First of all, please bare with me. This is my first Instructable.
In June 2015 we got our 1kW solar panel system installed. It is an on-grid system, so excessive energy is send back into the public network. We started the process with the local energy supplier Meralco to get registered for “net-metering”. “Net-metering” means that we get paid for energy that we send back into the public network. But we stopped in the middle of the process, because it was tiring, complicated and the additional requirements (additional breaker, evtl. additional watt meter, updated electrical plan by a certified electrician, ...) would have cost us a lot of money.
Without having net-metering we are invoiced for every kWh that is send back to the net as if we have consumed it. The net meter counting our consumption is a modern digital style, he shows whether we are consuming energy from the net or if we are sending out energy. (See image above).

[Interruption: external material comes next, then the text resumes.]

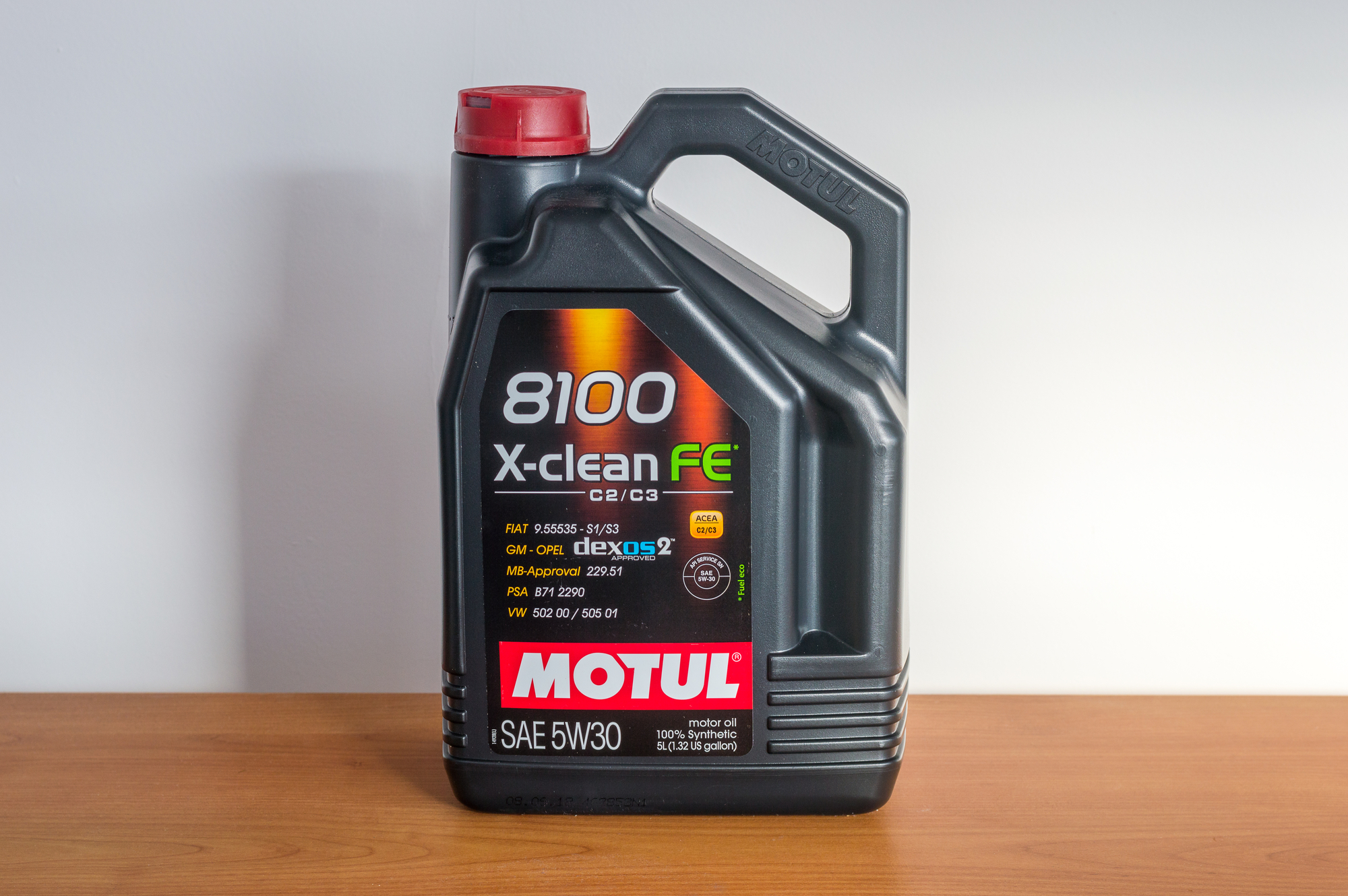 Motul sae 5w30. Масло Motul 5w30 8100 x-clean. Motul 8100 x-clean Fe 5w30. 5w30 Motul LPG. 107970 Motul.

Inside the red rectangle the net meter says either Receiving (energy supplier is receiving energy from us) or Delivered (we receive energy from the the energy supplier). But the counter goes up in both situations.
As we have only a small 1kW system and we are at home during the day we decided to just adjust our energy consumption so that we do not push back too much energy into the public network. But how to know if the solar system is producing more energy than we are consuming? The supplier of the micro inverters offers a monitoring system. But the cost is 10% of what we paid for the whole system. Too much! And on top it is a proprietary system, using power line communication but the protocol is not available (One of the things I hate in this world!). To monitor we are limited to use our web browser and get the data from the companies web server, where they store all the information they receive from our system. So I started searching on the internet for an alternate solution to monitor our power consumption and production. The best site I found is: OPENENERGYMONITOR.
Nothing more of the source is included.